Analysing count data? PLEASE HELP!

#1
I'm an MSc student and not particularly statically minded and I would really appreciate some help on going about analysing count data! Please try to keep is simple!

I have two species, the common frog and marsh frog and I have count data on both species since 1980. The marsh frog is non-native and I am trying to ascertain whether since the introduction of the marsh frog they are negatively impacting/outcompeting the common frog. If they were outcompeting you would expect to see the population counts of the marsh frog increase whilst the population of common frogs decrease. I want to statistically test this "model/hypothesis"!

How is it best to go about this? I have already ascertained that counts for both species is non-normally distributed so I'm assuming non-parametric tests. I don't really know where to start, maybe a Mann Whitney U test or Kruskal-Wallis test? Is it best to group the data counts i.e 1980-1984, 1985-1989, 1990-1994 etc!

(Sorry I cant upload the actual data to a public forum, I have not got permission for this but please find attached fabricated data!)

Many thanks in advance!
 

rogojel

TS Contributor
#2
hi,
as a first shot, just to see what happens, you could try a simple regression model with the count data as the independent variable and year and species as dependent variables. If you had a significant interaction term between year and species that would be an indication that the two species evolve differently in time.
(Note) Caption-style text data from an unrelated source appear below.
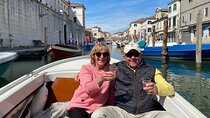 Chioggia: Canals boat tour and take picture of cruise ship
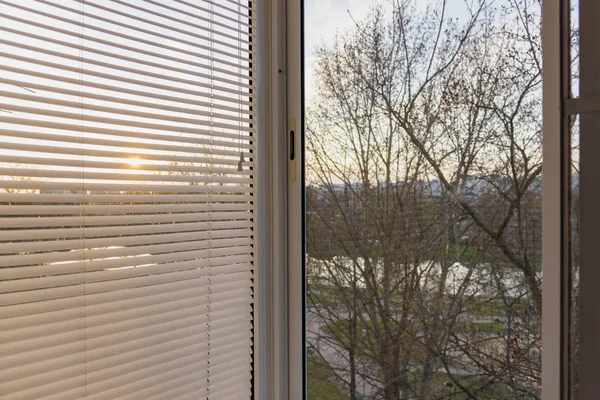 Geschlossene Kunststoffjalousien Fenster Mit Der Reflexion Glas — Stockfoto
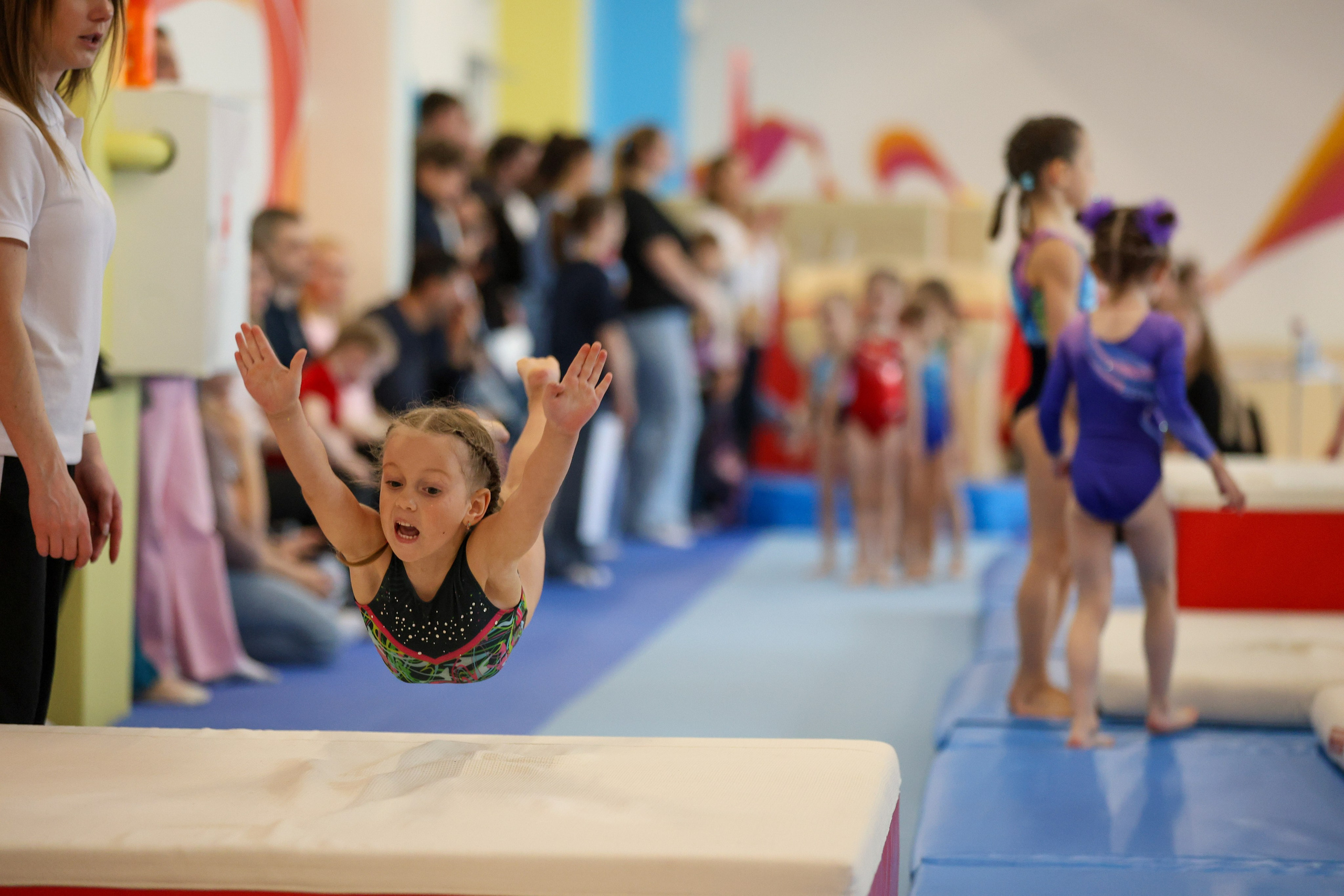 Спортивная гимнастика в школе Турнен. Фотограф в Москве портреты | репортажи | спорт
If the model is unsatisfactory, e.g. the residuals have a significant autocorrelation you could try more sophisticated models.

Your simulated data yields a linear model that is almost ok, except that the common frog values are unusually large in a few years.


regards
 
#3
I wouldn't use a Mann Whitney test when I have your data. Even though they are discrete, you have more than 30 observations, just do a time-series analysis.
A MW test is usually indicating some potential difference in distribution, median between two samples but your hypothesis seems like you're not only comparing but you want to prove a causal relationship. It seems like the introduction of the marsh frogs actually increases the number of common frogs.
 
#4
Thank you once again! rogoje

kaisermuhle what you posted is pretty much what I'm looking for! From the very simple count against year graph that I constructed I could see that actually the population of Marsh frogs was quite stable, whilst the common frog population actually increased regardless of the introduction of the non-native frogs! Thank you for posting a screen shot of the time analysis, could you please give details of how to set this up in SPSS/Excel? and then how to interpret it? I very much appreciate the help! My email address is jt14726@my.bristol.ac.uk
 
#5
rogojel To do a regression with one independent variable and two dependent variables am I right in thinking that a multivariate regression is required, which in SPSS is achieved through the GLM-multivariate option??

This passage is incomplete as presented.